ASSIGNMENT: The lines from the one containing "They all mix" to the end of the entries, both included, are what you need to transcribe exactly, without pictures and without anything else.

WORKING DATA:
——

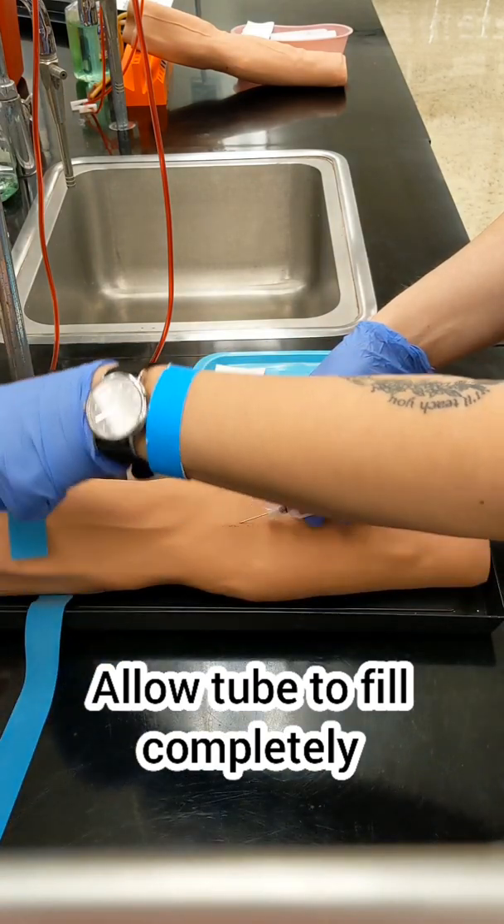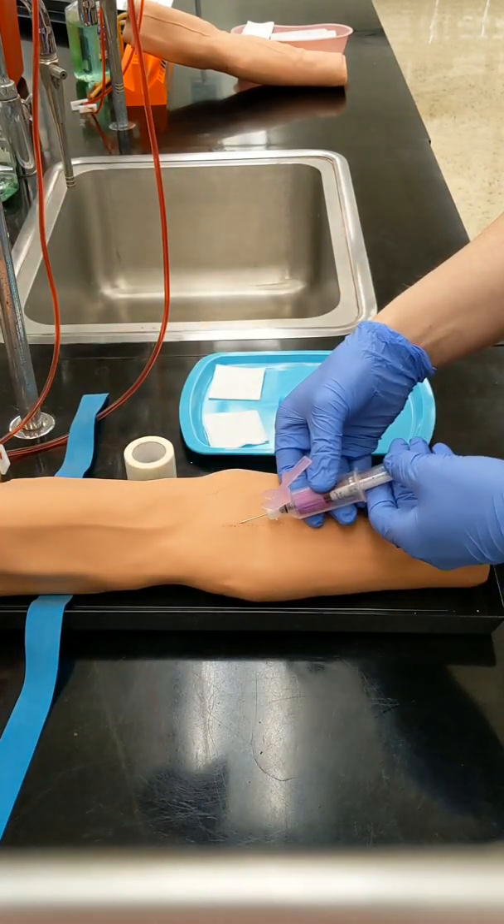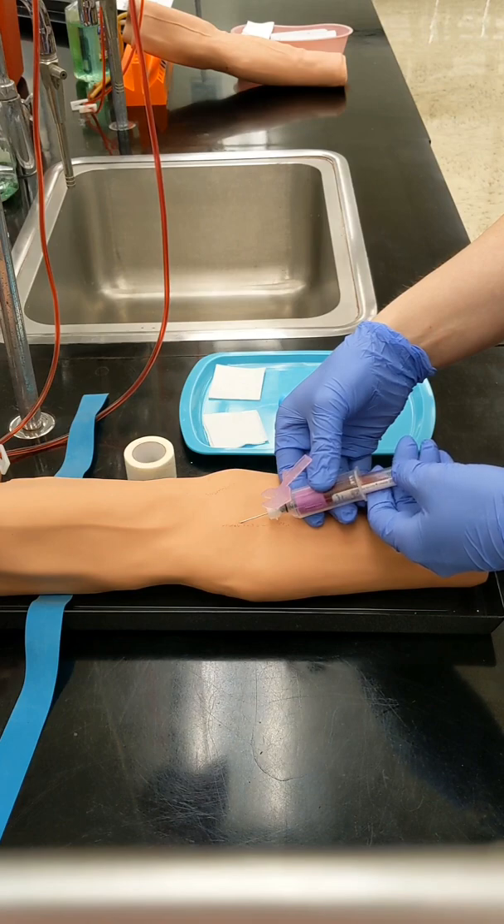When your last tube is halfway full, remove the tourniquet. Wait for the tube to fill completely before removing it.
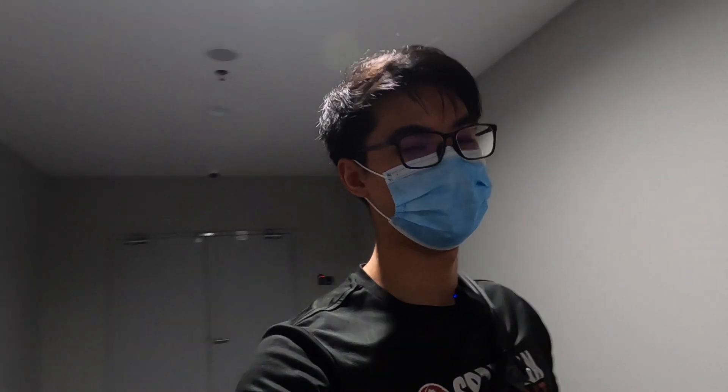Alright guys, so that's pretty much it for today. Now I'm going to go pack my clothes and then we've got to leave to my parents' house, stay over for Raya, and then we're going to go to Ipoh this weekend. Just a short vlog — I just wanted to see how things go. I'll see you guys for the next vlog in Ipoh. Bye.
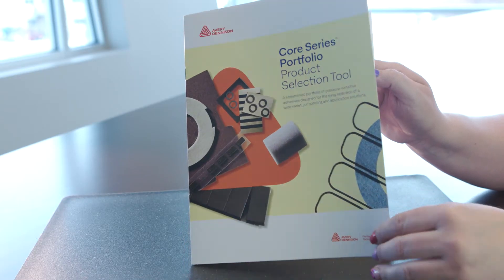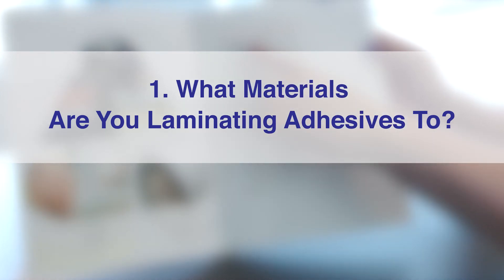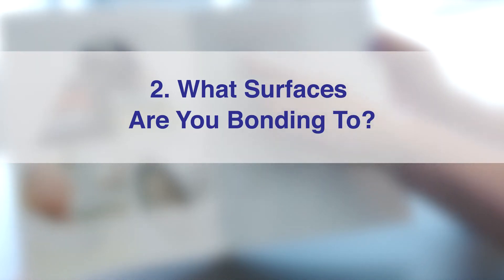Avery Denison's selection tool offers us four simple steps. Number one: what materials are you laminating adhesives to? Number two: what surfaces are you bonding to?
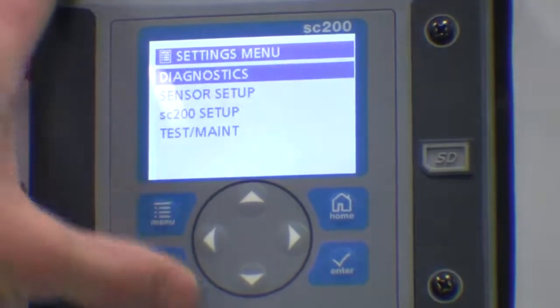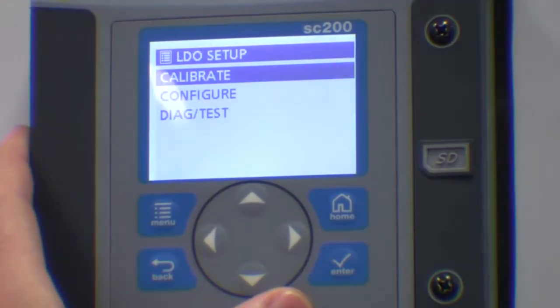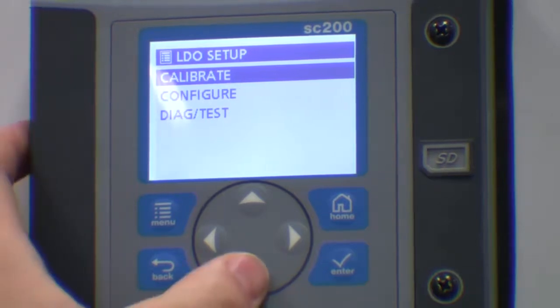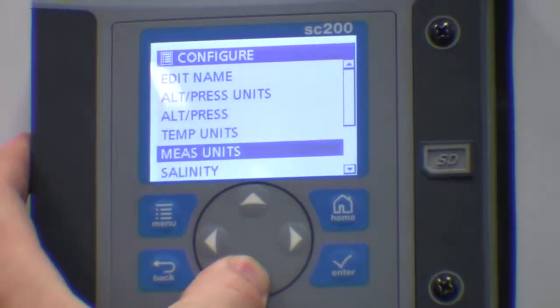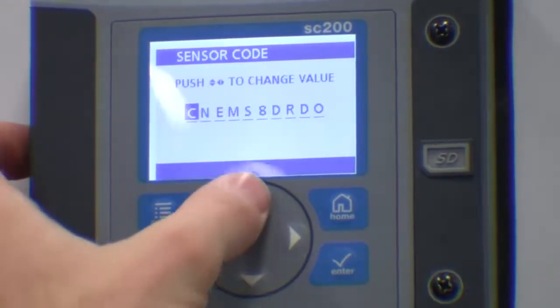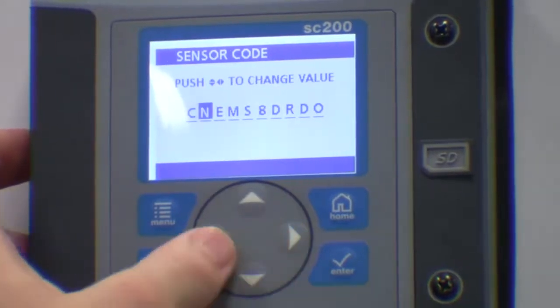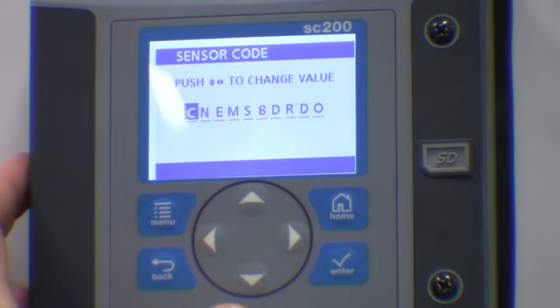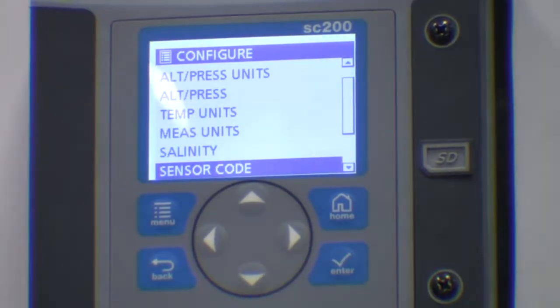Select the menu button and then select sensor setup. At this point, if you have more than one sensor connected, you would have needed to select the correct sensor. Now select configuration and then carry down through the menu until you find sensor code. Use the up and down arrows to change the character and the left and right arrows to select which character you wish to change. Once you have edited all the characters, press the enter key. Your probe is now ready for operation.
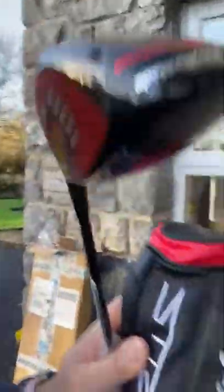Here it is guys, brand new, out of the box — the new Stealth driver from TaylorMade. I also have the Stealth Standard and the Stealth Hydro. So many permutations and combinations here.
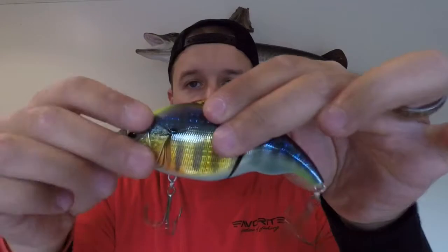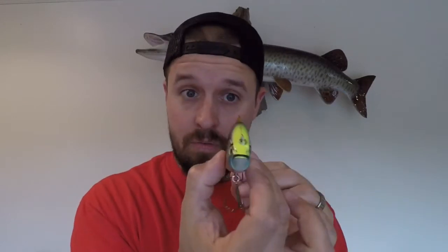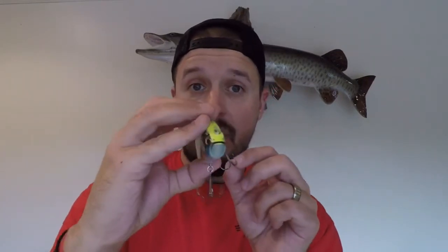It is 1 3/8ths of an ounce. What this thing does with that single joint is it glides perfectly side to side. All you got to do is just cast it out and retrieve it in. You don't have to do anything fancy with the rod tip or pop it or anything — this works all on its own. The trick is when you're working these glide baits, give the reel handle like a quick pop, maybe a half a turn. What that'll do is it'll kick out one side or the other, glide out and stop. That's a perfect way to get those bites.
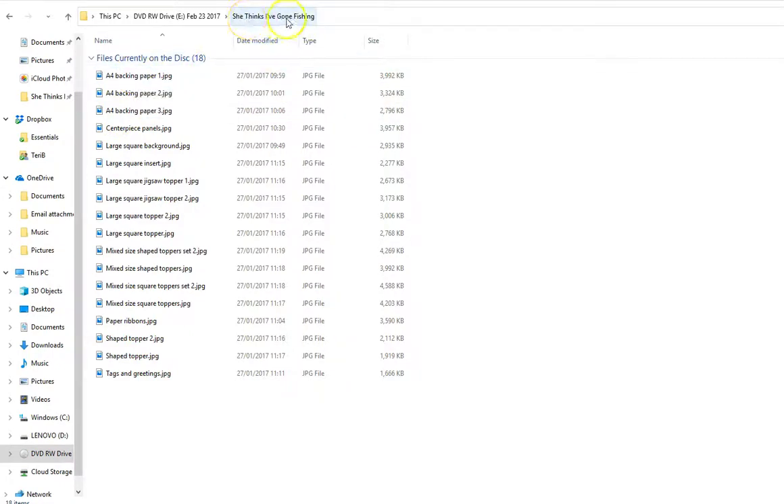They all mix and match with the theme of 'She Thinks I'm Gone Fishing.' This is an A4 backing paper. I'm going to have to move this because the software I'm using doesn't let me show the whole thing. That's backing paper number one, then you've got another backing paper. This is pertinent only to this particular CD - they're not all the same. There'll be different concentration on each one; some will concentrate on just the toppers.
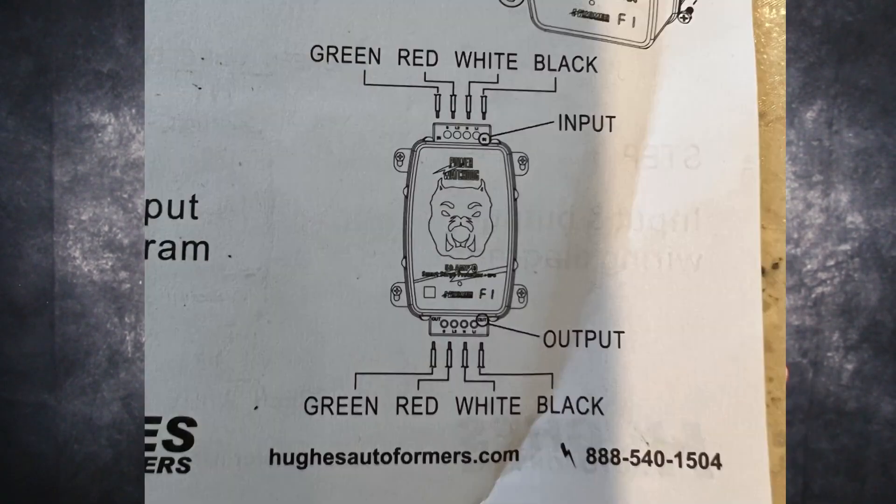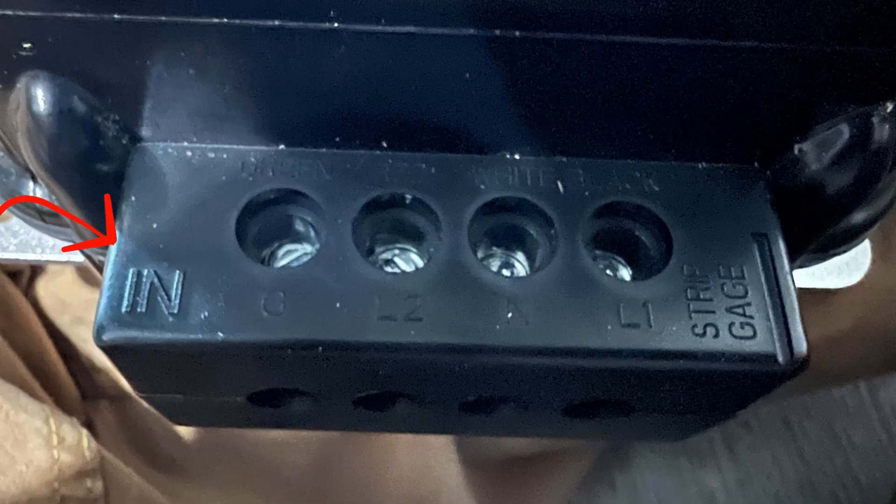I contacted Power Watchdog Hughes and had one of the most pleasant customer service experiences of my life. They sent me a new unit after having me check a couple of things. When I put the new unit in, I figured out the directions were a little bit misleading — the input was actually on the bottom, not the top. I sent the company a message and they apologized, stating that some instruction sheets were printed incorrectly and should have all been removed. For future notice, input and output are labeled directly on the plastic of the unit — I just totally didn't see it until after the second one didn't work. It worked after I changed the input, because the power was coming in the right place.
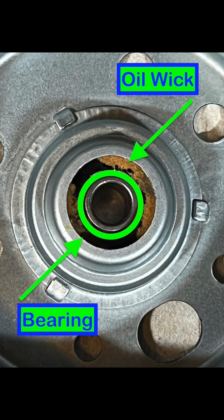In the space on the outside of each bearing are oil wicks, which look like felt pieces of paper. These wicks need to be lubricated and serve the purpose of feeding oil to the bearings.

——

RESULT:
They all mix and match with the theme of 'She Thinks I'm Gone Fishing.' This is an A4 backing paper. I'm going to have to move this because the software I'm using doesn't let me show the whole thing. That's backing paper number one, then you've got another backing paper. This is pertinent only to this particular CD - they're not all the same. There'll be different concentration on each one; some will concentrate on just the toppers.
I contacted Power Watchdog Hughes and had one of the most pleasant customer service experiences of my life. They sent me a new unit after having me check a couple of things. When I put the new unit in, I figured out the directions were a little bit misleading — the input was actually on the bottom, not the top. I sent the company a message and they apologized, stating that some instruction sheets were printed incorrectly and should have all been removed. For future notice, input and output are labeled directly on the plastic of the unit — I just totally didn't see it until after the second one didn't work. It worked after I changed the input, because the power was coming in the right place.
In the space on the outside of each bearing are oil wicks, which look like felt pieces of paper. These wicks need to be lubricated and serve the purpose of feeding oil to the bearings.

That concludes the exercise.